The square root of a number #n#, written #sqrt(n)#, is the number #x# such that #x^2=n#.
Actually, any positive number #n# has two square roots, namely #sqrt(n)# and #-sqrt(n)#. The notation #sqrt(n)# denotes the principal square root, which is the positive one.
Notice that:
#3^2 = 9 < 13 < 16 = 4^2#
Hence:
#3 < sqrt(13) < 4#
So #sqrt(13)# lies strictly between #3# and #4#, so is not an integer, whole number or natural number.
Is it a rational number?
Suppose #sqrt(13) = p/q# for some positive integers #p, q#.
Note that #p/q > 1#, so #p > q > 0#
Without loss of generality, we may suppose that #p, q# are the smallest pair of positive integers with #p/q = sqrt(13)#.
Then we have:
#13 = p^2/q^2#
Multiplying both sides by #q^2# we get:
#13q^2 = p^2#
So #p^2# is a multiple of #13#.
Since #13# is a prime number, that must mean that #p# is a multiple of #13# too.
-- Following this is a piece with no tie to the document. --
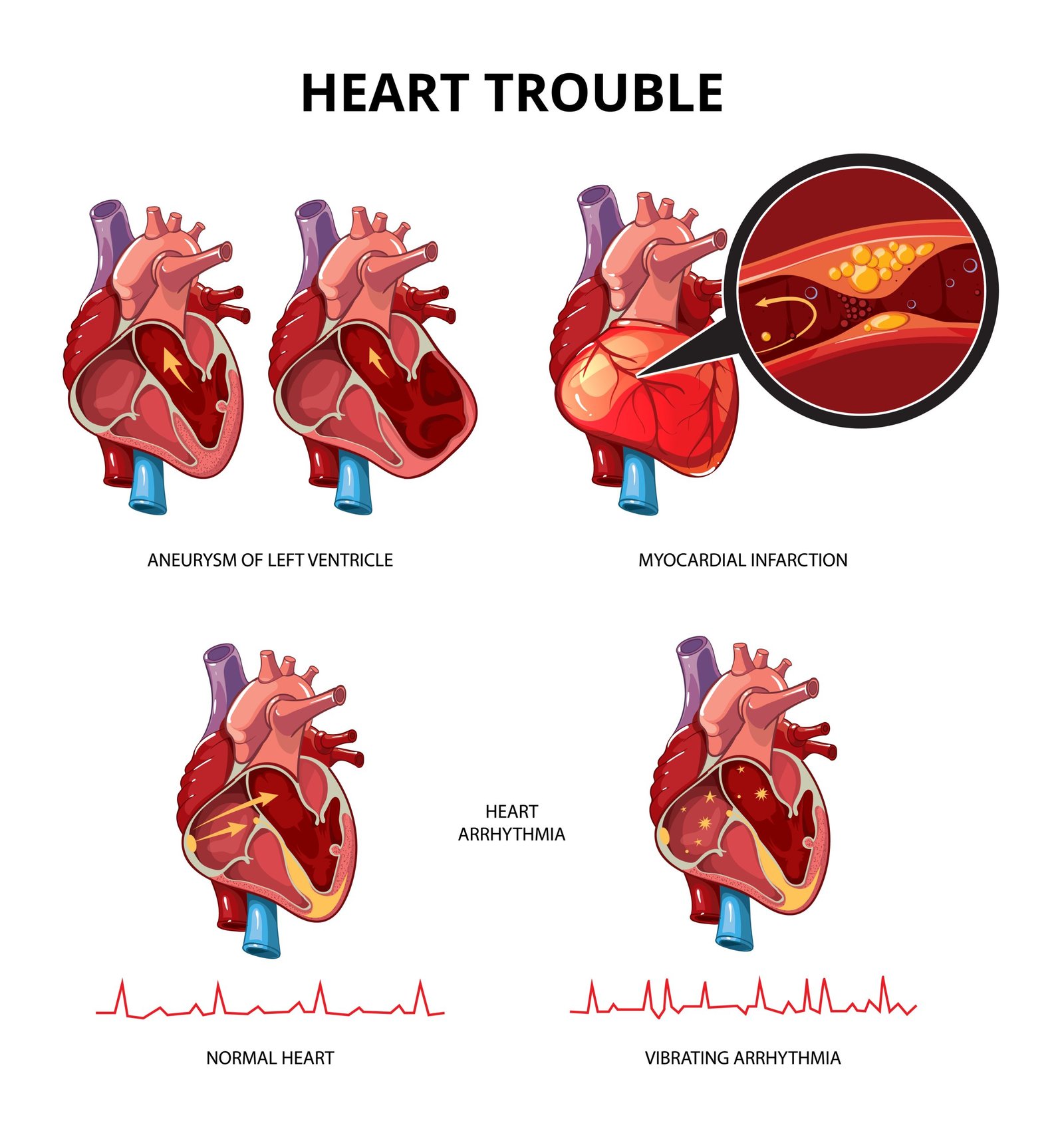 isw-heart-problem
So there is some positive integer #m# with:
#p = 13m#
So we have:
#13q^2 = p^2 = (13m)^2 = 13^2m^2#
Dividing both ends by #13m^2# we get:
#q^2/m^2 = 13#
So:
#q/m = sqrt(13)#
Now #p > q > m > 0#, so #q, m# are positive integers smaller than #p, q# whose quotient is also #sqrt(13)#.
This contradicts our supposition that #p, q# was the smallest such pair and hence our supposition that #sqrt(13) = p/q# for some pair of positive integers.
So #sqrt(13)# is not rational. In other words it is irrational.